Attitudes toward artificial intelligence in the workplace are often correlated with job roles. According to the BCG study, more than half of respondents believe they cannot be replaced by AI or other technologies, while only 19% express feelings of vulnerability or concern about possible replacement of their jobs. Those in functional or support, process-driven, office-based roles (such as marketing and communications, finance and accounting) feel most threatened by AI. Conversely, those who occupy roles based on relationships (such as domestic helpers/babysitters, teachers, doctors, nurses and pharmacists) feel the least threatened.

“It is interesting to note that Morocco is among the 10 countries most enthusiastic about the impact of AI on their workplace (71% of respondents compared to only 14% showing concern). This is consistent with the levels of enthusiasm observed in countries with younger, more ‘digital native’ populations,” continues Zineb Sqalli.

Openness to AI is not synonymous with market maturity

Feelings about AI vary widely across countries, from enthusiasm to confusion to concern. Although feelings towards AI are polarized in each country, some countries are more receptive to the technology than others. Among the 21 countries surveyed, excitement was highest in China (56%), Indonesia (49%), Brazil (46%) and Morocco (44%), while respondents in France (50%) , Australia (49%) and Great Britain (43%) expressed the most concerns.

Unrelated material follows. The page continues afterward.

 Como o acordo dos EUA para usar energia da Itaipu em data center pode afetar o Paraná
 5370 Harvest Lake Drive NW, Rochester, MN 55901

Concern is higher in some countries with digitally competitive economies, where consumers may feel more threatened by AI-related issues (concerns about privacy or impact on employment). Many companies in these markets are already introducing generative AI into their operations. In less digitally competitive countries, excitement prevails as AI offers an opportunity to accelerate solutions to critical problems in areas such as health and education.

Implications for leaders

Generative AI is here to stay, and it presents extraordinary opportunities for both productivity gains and revenue growth. For leaders who want to harness the transformative power of this technology to drive their business success, the key implications emerging from the survey include:

● When looking to invent new applications for consumers, focus on transparency.

● Test new ideas and products in markets more receptive to AI/GenAI and consider a tailored approach to privacy issues.

● As companies roll out new AI offerings, it’s important to reassure customers before applications grow too quickly.

● AI applications for businesses are more likely to be adopted and grow rapidly than applications used by consumers in their daily lives.

● While data and technology are important, keep in mind the 10-20-70 rule: 10% of the effort is developing new algorithms and the science behind them; 20% of the effort is deploying the “tech stack” and ensuring the right data feeds the right systems; and 70% of the effort is on change management and other people-related processes. People and process changes are critical success factors.

“The main takeaway for managers is that Moroccan consumers naturally adopt AI and expect their interactions with businesses to evolve to further integrate AI into the customer journeys offered,” concludes Zineb Sqalli.